PROBLEM
Restate word for word the lines below from the one that has "Jenni Haukio" through the one that has "Etagenwohnung Wuppertal Gemarkung", keeping both and dropping all pictures.

RECORDS section start

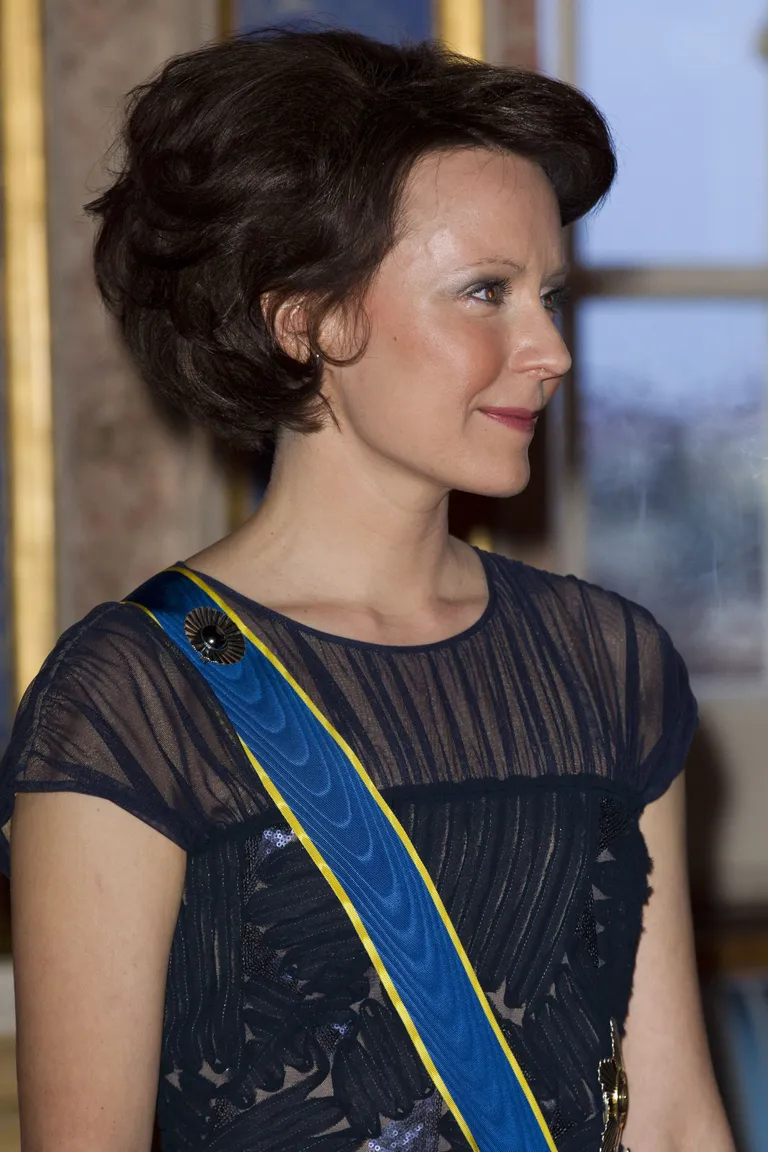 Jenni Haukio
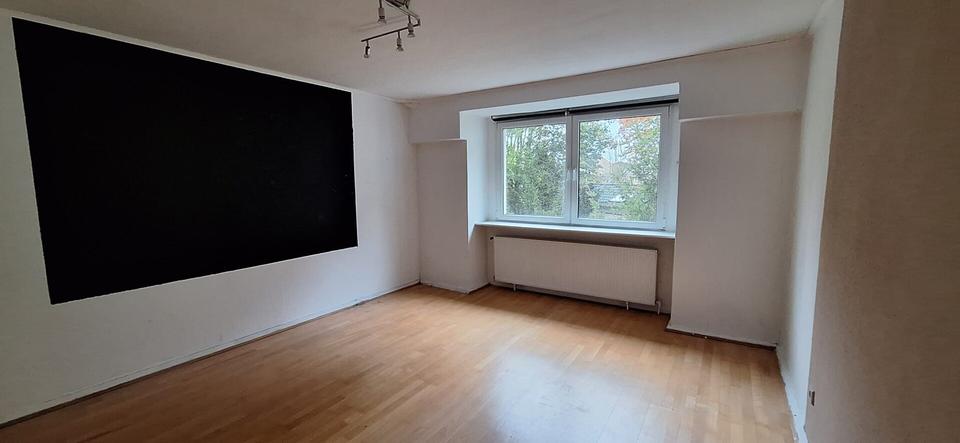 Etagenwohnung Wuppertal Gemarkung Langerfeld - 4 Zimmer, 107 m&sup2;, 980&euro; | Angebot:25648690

RECORDS section end
RECORDS section start

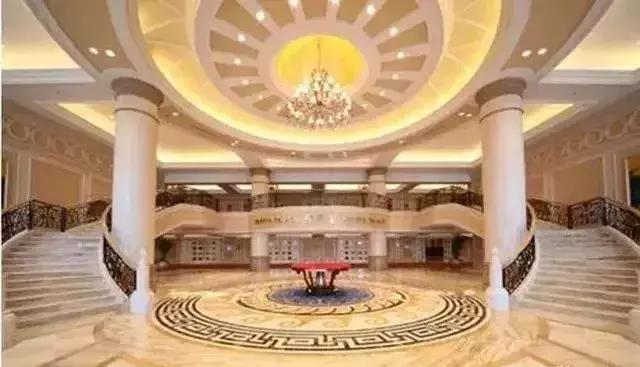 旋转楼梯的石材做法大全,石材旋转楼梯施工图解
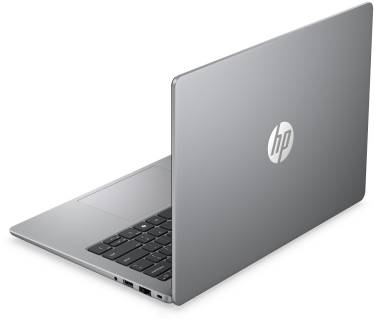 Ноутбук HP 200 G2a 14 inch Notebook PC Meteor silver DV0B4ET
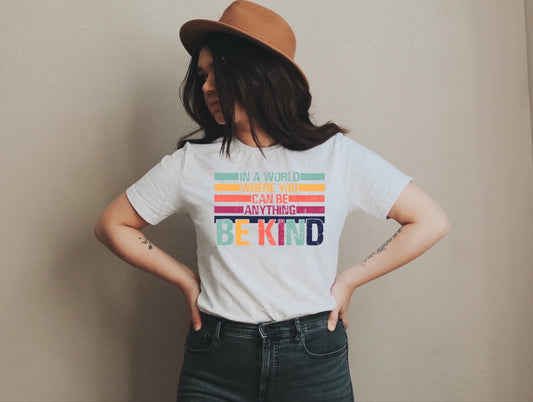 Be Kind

RECORDS section end
RECORDS section start

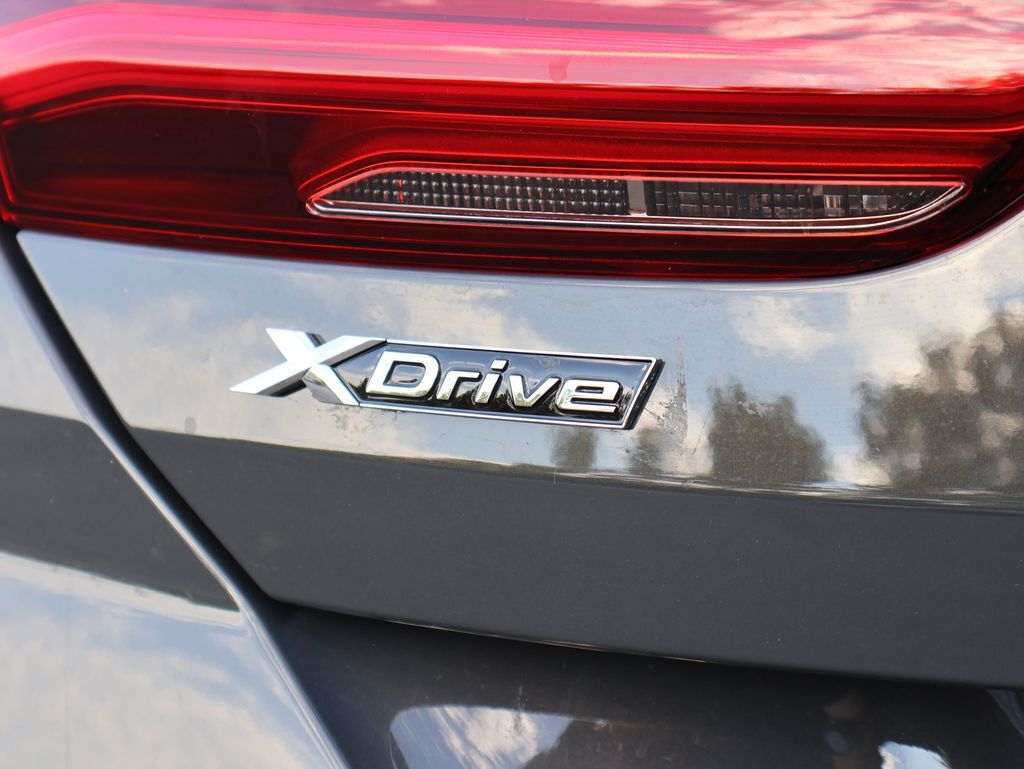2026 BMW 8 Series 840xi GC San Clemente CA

RECORDS section end

SOLUTION FOR THIS PROBLEM
 Jenni Haukio
 Etagenwohnung Wuppertal Gemarkung Langerfeld - 4 Zimmer, 107 m&sup2;, 980&euro; | Angebot:25648690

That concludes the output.